The Humanity Club at Morrow Elementary

The Humanity Project believes that for people to get respect, they first must give respect. Always, in every situation, unconditionally. That doesn’t mean being weak. It means treating every human being as just that: a human being.

We teach this to our kids as well as to parents busy raising their own children. And it applies in the schools, online, on the roads. Everywhere.

During the Humanity Club presentation on respect: a Native American tale

On November 16, our Humanity Club at Morrow Elementary School in North Lauderdale, Florida demonstrated for nearly 400 of their classmates, grades K - 5, what respect really means. It was a huge success! Through interactive exercises, skits, music, videos and more, our amazing group of 10 Humanity Club all-girl student leaders marked the path toward a more respectful learning environment. Their classmates were receptive and now many of them will take part in ongoing art projects and contests focused on respect — even a Garden of Respect that the Humanity Project will build for the school with students closely involved in both planning and execution. That garden will be funded in part by a new grant from Children’s Services Council of Broward County and we’ll tell you more about it next month.

During Text-4-RESPECT

That same day, the Humanity Project also led a Text-4-RESPECT campaign, with students at Morrow and other schools as well as nonprofit partners texting #respect at noon local time. This was intended as a follow up to the morning Humanity Club program … and as a tribute to the great Aretha Franklin, who passed away in August. In Detroit, Ms. Franklin’s church where she began singing (and her father was longtime preacher) even joined the event. As did nonprofits and individuals from as far away as Brazil, Italy, Switzerland, New Jersey and many other spots.

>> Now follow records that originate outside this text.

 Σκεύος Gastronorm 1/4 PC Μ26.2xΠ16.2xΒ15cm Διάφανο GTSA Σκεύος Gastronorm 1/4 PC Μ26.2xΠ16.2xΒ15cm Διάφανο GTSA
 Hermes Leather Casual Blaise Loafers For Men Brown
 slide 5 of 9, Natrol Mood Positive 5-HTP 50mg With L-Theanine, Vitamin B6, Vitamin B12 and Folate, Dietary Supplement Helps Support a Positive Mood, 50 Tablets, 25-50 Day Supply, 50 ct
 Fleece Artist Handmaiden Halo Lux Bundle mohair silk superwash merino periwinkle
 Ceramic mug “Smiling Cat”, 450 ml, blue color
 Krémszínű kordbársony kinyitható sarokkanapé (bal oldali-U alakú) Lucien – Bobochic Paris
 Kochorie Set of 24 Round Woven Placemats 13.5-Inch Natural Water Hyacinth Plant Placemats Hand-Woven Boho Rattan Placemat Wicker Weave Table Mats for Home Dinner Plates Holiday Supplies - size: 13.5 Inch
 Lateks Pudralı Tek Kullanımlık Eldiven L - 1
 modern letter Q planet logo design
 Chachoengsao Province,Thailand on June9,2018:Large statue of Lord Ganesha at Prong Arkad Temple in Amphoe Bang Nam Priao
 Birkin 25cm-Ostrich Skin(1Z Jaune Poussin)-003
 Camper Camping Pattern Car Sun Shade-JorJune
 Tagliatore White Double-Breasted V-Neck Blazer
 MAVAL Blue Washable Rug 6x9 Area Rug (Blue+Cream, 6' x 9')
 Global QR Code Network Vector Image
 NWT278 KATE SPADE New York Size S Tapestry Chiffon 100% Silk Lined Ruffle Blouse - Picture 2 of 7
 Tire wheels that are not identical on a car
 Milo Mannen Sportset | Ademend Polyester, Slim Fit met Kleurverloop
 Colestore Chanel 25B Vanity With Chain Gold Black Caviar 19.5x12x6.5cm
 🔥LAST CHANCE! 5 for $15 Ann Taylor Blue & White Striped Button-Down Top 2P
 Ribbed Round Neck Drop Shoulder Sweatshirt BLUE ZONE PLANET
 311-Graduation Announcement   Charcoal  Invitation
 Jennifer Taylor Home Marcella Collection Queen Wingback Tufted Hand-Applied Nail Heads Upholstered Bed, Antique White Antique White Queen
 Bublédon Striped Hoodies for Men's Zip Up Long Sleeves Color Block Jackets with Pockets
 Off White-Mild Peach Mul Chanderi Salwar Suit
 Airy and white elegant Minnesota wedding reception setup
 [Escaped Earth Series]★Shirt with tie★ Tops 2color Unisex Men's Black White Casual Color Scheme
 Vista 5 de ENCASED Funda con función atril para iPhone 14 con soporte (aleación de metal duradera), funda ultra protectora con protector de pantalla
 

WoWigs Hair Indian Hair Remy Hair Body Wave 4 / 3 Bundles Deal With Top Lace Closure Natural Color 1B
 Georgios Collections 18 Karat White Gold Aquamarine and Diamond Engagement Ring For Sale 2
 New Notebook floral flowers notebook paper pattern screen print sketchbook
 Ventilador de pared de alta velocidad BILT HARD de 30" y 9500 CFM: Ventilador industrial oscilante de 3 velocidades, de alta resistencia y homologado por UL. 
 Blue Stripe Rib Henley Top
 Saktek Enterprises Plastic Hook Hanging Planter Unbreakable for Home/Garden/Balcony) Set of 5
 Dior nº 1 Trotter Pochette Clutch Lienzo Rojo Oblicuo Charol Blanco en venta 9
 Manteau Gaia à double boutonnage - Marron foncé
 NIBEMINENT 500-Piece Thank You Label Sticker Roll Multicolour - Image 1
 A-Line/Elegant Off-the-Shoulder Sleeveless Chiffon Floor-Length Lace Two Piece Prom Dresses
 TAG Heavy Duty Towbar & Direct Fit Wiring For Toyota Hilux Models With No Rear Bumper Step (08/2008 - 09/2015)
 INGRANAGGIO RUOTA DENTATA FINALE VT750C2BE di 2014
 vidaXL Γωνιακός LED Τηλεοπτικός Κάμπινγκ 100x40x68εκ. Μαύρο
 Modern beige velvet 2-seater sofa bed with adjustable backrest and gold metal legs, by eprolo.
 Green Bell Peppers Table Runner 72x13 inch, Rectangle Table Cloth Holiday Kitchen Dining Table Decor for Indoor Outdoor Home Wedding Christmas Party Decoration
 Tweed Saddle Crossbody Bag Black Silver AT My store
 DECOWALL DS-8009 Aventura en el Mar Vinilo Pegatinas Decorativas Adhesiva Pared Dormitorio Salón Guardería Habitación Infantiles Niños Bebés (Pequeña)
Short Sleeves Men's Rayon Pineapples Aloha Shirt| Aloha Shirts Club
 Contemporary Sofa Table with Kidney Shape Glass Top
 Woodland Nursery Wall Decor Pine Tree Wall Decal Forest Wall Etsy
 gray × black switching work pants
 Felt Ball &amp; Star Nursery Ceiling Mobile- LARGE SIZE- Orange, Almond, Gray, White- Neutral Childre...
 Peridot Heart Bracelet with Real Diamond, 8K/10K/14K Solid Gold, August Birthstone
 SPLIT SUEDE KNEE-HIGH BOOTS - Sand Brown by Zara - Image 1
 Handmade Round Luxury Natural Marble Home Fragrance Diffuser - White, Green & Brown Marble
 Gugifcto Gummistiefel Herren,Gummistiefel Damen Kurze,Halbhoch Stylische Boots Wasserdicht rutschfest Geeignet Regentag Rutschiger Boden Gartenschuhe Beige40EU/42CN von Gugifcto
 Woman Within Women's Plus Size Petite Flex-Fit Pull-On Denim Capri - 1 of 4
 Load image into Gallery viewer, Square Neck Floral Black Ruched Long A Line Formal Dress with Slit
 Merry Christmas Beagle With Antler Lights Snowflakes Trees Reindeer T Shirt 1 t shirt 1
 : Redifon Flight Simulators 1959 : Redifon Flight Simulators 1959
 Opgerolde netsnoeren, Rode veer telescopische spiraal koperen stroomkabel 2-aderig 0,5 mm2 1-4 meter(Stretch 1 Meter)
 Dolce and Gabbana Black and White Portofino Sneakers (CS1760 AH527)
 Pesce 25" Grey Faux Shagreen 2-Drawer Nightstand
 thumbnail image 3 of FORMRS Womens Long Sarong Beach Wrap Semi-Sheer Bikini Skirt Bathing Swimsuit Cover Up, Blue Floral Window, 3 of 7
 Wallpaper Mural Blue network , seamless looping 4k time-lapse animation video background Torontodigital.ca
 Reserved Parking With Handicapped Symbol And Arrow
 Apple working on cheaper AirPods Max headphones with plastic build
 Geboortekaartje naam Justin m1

All this took place on the 10th anniversary of the day when the Humanity Project led the Thousand Youth March for Humanity: November 16, 2008. That was the nation’s first mass children’s march against bullying with more than 2,100 participants. And it’s the reason the week of November 16 each year is antibullying week in Broward County Public Schools, the sixth largest school district in the United States.

Yes, we do believe that to get respect, we must each give respect. It’s encouraging that so many of our young students agree, don’t you think?